JH: I believe success in training stems from the fundamentals. Coming from a sporting background I can't tell you how many amazing athletes I've come in contact with that never made it because they lacked the ability to perform the fundamentals at a high level. People often hear the word fundamentals and confuse the term with easy, which is far from the truth. It is only by mastering the fundamentals that a person can progress.

Let's start with sleeping habits. I know you said training day, but I believe it starts even before that. If you have inconsistent sleeping patterns you will find yourself unable to recover from your training, and your progress will be severely hampered. Try to go to bed at the same time every night and get between 6-8 hours of sleep, I prefer eight, but I am a realist. Turn the television off, and begin winding down your day about an hour before you need to be asleep.

Next, focus on proper meal planning. It is not realistic to expect success without planning ahead. Just as any business needs a plan, so do our personal lives! Know when you should be having your meals, have an idea about what you are going to have, and recognize any obstacles you may encounter. Let me touch briefly on the last two points.

I encourage clients to prepare their own food whenever possible. The more you eat out, the less likely you are to lose weight or make progress in training. Even if you eat "healthy" in a restaurant you are still subjected to their style of cooking. With many of my clients, I witness bloated stomachs, feelings of sluggishness, and weight gain after they have eaten out. Cooking oils, seasonings, preparation methods, etc. often affect how you feel and what happens to your body. It doesn't take much to throw your system for a loop.

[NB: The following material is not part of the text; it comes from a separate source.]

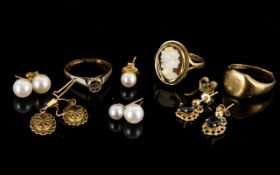 A Small Collection of Yellow Metal 9ct And 18ct Gold Items A varied lot,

Being a realist, I recognize that people have meetings, dinners, luncheons, etc. If you know you are going to be in a meeting(s) for hours and hours, bring some food that will help you last through the meeting without falling prey to the invariable doughnuts, muffins, and bagels often offered at business events. If you are going to be running around dropping-off and picking-up your kids, have something healthy easily available so that you don't end up at the drive-thru window. You will be doing you and your children a big favor!

After getting your sleeping and eating habits under control, I recommend scheduling training sessions into your day. Even if you don't work with a trainer or go to a class, make an appointment with yourself and try your best (yes, life does happen) not to reschedule that appointment. Consider this appointment time to focus on yourself, and enjoy time away from the everyday rush of your busy life.

Alright, you know when you are going to train, but you should also know what is going to be involved in your training session. You can save valuable time and improve your results by having a plan before you ever enter the gym. While you don't have to be a slave to numbers and percentages, you should always have a good idea of the goal of the training session and what will be involved.

After training, partake in some post-workout nutrition, whatever is appropriate for your goals, and go about your day. If you train at the end of your day, make sure to make time to relax before heading off to bed. You need time to enjoy life and reap its benefits, training is about improving your life not consuming it.